+++ The data

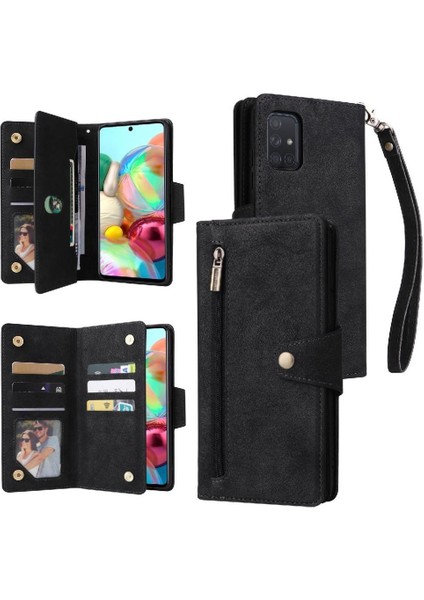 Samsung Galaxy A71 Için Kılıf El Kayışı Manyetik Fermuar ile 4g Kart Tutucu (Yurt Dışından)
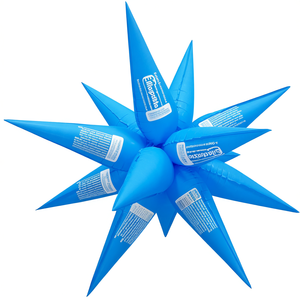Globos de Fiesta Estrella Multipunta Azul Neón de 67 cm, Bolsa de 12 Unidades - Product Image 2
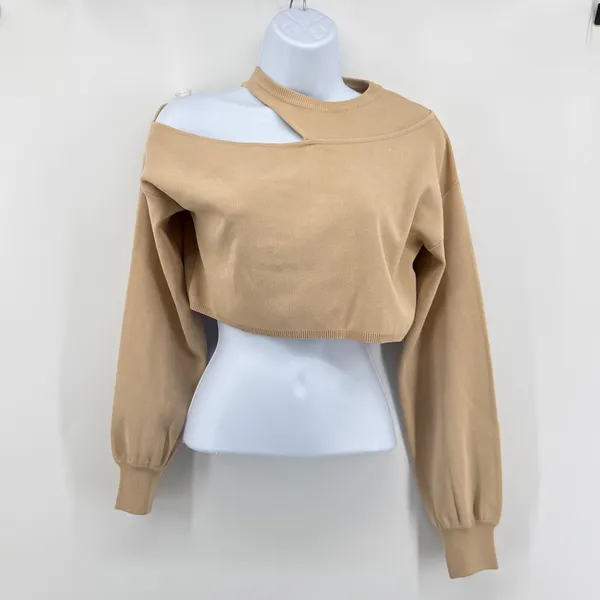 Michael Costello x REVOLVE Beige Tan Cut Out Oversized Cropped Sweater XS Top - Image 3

++++++

Task requirements: Reproduce all of the data exactly, omitting each picture it holds.

Exercise result:
 Samsung Galaxy A71 Için Kılıf El Kayışı Manyetik Fermuar ile 4g Kart Tutucu (Yurt Dışından)
Globos de Fiesta Estrella Multipunta Azul Neón de 67 cm, Bolsa de 12 Unidades - Product Image 2
 Michael Costello x REVOLVE Beige Tan Cut Out Oversized Cropped Sweater XS Top - Image 3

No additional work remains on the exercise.